Kai Kang, Dong Chen, and Kaizhe Guo

# CONTENTS

| 10.1       | Introduction                                       |     |
|------------|----------------------------------------------------|-----|
| 10.2       | Challenge                                          |     |
|            | 10.2.1 Insufficient Speed of Transistors           |     |
|            | 10.2.2 Inaccuracy of Models                        |     |
|            | 10.2.3 Low Breakdown Voltage                       |     |
|            | 10.2.4 Low-Resistivity Substrate                   |     |
| 10.3       | Device Optimization                                |     |
|            | 10.3.1 Transistor Modeling and Layout Optimization |     |
|            | 10.3.2 Passive Component Optimization              |     |
| 10.4       | Power Amplifier Topologies                         | 254 |
|            | 10.4.1 Current Combining Power Amplifier           | 254 |
|            | 10.4.2 Transformer-Based Power Combining           |     |
|            | 10.4.3 Stacked Power Amplifiers                    |     |
|            | 10.4.4 High PAE PA                                 |     |
| 10.5       | Conclusion                                         |     |
| References |                                                    |     |
|            |                                                    |     |

# 10.1 INTRODUCTION

With the acquaintance of the characteristics of the electromagnetic wave at the millimeter wave (mm-wave) band and the development of fabrication technology, the applications at the mm-wave band attract people to develop standards and circuits. The 7 GHz ISM band around 60 GHz makes the multi gigabit-per-second (Gbps) communication possible. The high attenuation of 60 GHz electromagnetic waves in oxygen enables the cooperation of more links in the same area with minimal interference, which greatly enhances the utilization rates of the frequency band. And this characteristic also makes the communication channels more secure [1–3]. At the same time, the 77–79 GHz is a proper band to realize highly accurate automobile radar. These characteristics drive people to develop high-performance mmwave front end to realize these interactive applications. Among all, mm-wave power amplifiers in the front end have great influence on the performance of the system because the power amplifiers usually consume most of the power and occupy a large quantity of chip area. In the past years, power amplifiers were usually made with an individual chip with III–V compounds technology. But with the development of the CMOS technology, the power amplifiers can be made in one chip together with the other parts of the transceiver, which makes the system on chip (SOC) possible.
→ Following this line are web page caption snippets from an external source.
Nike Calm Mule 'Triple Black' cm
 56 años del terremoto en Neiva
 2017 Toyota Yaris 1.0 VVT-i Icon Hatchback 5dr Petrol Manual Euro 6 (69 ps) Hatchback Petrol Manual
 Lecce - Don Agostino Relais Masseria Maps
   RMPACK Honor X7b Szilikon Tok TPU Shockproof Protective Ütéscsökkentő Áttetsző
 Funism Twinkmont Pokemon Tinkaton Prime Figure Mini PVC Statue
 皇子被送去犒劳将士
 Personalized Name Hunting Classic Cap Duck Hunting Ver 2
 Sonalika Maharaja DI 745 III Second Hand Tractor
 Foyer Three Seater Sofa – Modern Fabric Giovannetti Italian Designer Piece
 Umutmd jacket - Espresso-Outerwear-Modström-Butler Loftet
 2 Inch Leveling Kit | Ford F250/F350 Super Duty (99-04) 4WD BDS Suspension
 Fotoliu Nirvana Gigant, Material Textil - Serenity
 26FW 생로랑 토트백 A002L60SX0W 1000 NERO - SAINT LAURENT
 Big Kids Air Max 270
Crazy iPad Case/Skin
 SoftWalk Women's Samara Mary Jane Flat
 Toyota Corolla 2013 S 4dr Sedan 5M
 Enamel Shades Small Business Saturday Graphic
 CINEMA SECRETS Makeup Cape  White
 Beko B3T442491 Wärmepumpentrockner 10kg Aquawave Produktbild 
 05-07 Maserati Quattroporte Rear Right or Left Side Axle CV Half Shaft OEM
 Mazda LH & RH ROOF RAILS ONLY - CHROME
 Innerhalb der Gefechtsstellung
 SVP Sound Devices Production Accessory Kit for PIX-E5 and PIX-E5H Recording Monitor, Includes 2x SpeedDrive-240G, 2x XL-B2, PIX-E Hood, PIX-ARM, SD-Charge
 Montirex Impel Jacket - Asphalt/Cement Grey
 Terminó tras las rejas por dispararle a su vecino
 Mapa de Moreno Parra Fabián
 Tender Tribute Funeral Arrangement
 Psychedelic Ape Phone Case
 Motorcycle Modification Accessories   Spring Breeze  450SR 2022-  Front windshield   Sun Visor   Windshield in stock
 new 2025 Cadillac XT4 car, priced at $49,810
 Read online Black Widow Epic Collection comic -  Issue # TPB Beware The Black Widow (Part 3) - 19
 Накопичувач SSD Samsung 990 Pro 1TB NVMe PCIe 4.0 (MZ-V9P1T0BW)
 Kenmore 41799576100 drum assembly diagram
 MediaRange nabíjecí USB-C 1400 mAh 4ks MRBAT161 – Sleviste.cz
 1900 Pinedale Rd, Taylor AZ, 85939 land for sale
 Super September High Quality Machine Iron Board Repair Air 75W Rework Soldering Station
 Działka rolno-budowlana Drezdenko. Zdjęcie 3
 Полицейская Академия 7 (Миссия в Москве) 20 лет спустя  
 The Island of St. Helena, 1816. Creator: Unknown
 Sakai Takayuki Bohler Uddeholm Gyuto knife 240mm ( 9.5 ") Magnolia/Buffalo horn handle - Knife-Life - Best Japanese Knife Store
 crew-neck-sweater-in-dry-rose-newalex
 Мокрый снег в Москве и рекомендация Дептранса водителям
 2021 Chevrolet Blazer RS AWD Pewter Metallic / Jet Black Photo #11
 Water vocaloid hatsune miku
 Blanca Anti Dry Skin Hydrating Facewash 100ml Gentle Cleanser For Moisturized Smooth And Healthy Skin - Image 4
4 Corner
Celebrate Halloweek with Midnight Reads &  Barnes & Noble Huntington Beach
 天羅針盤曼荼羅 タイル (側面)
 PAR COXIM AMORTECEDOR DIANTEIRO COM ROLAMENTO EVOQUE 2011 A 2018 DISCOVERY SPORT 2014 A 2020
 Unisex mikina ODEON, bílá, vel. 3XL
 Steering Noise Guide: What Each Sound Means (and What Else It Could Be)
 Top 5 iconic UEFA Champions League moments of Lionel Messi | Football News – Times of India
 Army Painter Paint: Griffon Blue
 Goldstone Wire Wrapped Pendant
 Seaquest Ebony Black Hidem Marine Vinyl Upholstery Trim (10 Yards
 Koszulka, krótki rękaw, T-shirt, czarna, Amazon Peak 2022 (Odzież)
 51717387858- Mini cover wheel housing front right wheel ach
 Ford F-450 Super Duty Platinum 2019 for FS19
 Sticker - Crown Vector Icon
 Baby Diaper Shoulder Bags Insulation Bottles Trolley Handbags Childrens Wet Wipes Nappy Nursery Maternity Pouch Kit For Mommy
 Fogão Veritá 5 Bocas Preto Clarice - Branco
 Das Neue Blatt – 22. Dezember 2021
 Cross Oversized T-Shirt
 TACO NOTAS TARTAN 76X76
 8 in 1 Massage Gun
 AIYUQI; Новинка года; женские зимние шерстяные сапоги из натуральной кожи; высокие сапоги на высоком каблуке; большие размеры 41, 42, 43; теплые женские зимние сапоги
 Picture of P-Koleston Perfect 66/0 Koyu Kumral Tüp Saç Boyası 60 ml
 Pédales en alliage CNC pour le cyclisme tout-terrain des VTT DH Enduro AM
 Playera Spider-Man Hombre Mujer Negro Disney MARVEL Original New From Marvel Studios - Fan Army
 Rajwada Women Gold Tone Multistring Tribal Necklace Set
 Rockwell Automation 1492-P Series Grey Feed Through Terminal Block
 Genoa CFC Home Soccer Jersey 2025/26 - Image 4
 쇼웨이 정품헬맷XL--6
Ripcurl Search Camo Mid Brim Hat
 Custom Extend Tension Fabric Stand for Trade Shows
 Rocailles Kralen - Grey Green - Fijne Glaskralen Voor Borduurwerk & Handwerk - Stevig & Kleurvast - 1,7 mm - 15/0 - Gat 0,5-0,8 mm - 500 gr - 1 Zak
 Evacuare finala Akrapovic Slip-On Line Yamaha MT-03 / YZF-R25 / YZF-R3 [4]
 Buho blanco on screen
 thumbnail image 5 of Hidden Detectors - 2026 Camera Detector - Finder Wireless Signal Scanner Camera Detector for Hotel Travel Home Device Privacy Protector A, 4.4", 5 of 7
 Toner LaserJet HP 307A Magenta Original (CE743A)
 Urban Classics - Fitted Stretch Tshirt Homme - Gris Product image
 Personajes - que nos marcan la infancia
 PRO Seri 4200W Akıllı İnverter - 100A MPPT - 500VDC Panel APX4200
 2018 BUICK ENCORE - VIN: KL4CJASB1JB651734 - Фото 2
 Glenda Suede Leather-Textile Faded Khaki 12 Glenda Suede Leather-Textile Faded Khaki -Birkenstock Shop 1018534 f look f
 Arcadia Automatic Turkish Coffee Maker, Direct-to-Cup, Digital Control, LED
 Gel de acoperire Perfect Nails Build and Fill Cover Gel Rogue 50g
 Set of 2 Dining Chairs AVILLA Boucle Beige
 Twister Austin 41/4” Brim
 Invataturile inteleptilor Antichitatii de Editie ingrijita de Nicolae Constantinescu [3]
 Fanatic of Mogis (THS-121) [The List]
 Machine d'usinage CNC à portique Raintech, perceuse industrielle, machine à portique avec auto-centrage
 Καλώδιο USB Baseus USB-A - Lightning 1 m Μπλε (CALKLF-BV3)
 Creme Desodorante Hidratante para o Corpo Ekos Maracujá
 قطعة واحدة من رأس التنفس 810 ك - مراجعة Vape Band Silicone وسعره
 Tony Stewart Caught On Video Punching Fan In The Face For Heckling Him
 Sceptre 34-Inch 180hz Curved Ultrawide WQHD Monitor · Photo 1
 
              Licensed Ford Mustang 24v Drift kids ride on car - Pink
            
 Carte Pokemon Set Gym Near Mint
Many designers have already given some design examples of power amplifiers working in the mm-wave band [4–33]. This chapter discusses the design challenges of mm-wave power amplifiers in CMOS technology and provides a review of circuit and architecture techniques that try to solve these problems. Section 10.2 of this chapter describes the challenges in the design of power amplifiers using CMOS technology. Section 10.3 will introduce some optimizations about the model and layout of active and passive devices. Section 10.4 will present some power amplifier topologies with relatively high performance.

# 10.2 CHALLENGE

## 10.2.1 INSUFFICIENT SPEED OF TRANSISTORS

Though the feature size of CMOS technology is scaled down fast, which makes the design of mm-wave circuits easier, the characteristic frequency  $(f_T)$  of the transistor is still not enough. The  $f_T$  of 90 nm generations reaches 110 GHz [34], which is already beyond 60 GHz, but the transistors still cannot give a significant power gain at the mm-wave frequencies band. However, multistage may be needed to provide sufficient power gain. Many perfect theories, such as the switch mode power amplifier and the harmonic waves control power amplifier, which have shown pretty good performance at the RF band, still cannot achieve a good result at the mm-wave band.

# **10.2.2** INACCURACY OF MODELS

Most of the transistor modeling work is based on the measurement of fabricated devices. However, due to errors from inaccurate de-embedding becoming quite large at the mm-wave band, it is very hard to obtain an accurate measurement [2]. Especially, for the power amplifier, not only the small signal transistor model but also the large signal model must be accurate.

# 10.2.3 LOW BREAKDOWN VOLTAGE

Low breakdown voltage is one of the obstacles in designing the power amplifier. The drain-source voltage is usually not more than 1.2 V for 90 nm CMOS transistors, and for 65 nm, it is not more than 1 V. It extremely limits the output power of the amplifier. Large current and transistor size are needed to get a high output power, which results in a higher junction temperature [21]. It increases the useless power consumed, degrades the efficiency of the power amplifier, and even damages the transistors. The problem is exacerbated as the CMOS transistor's minimum feature size is scaled down.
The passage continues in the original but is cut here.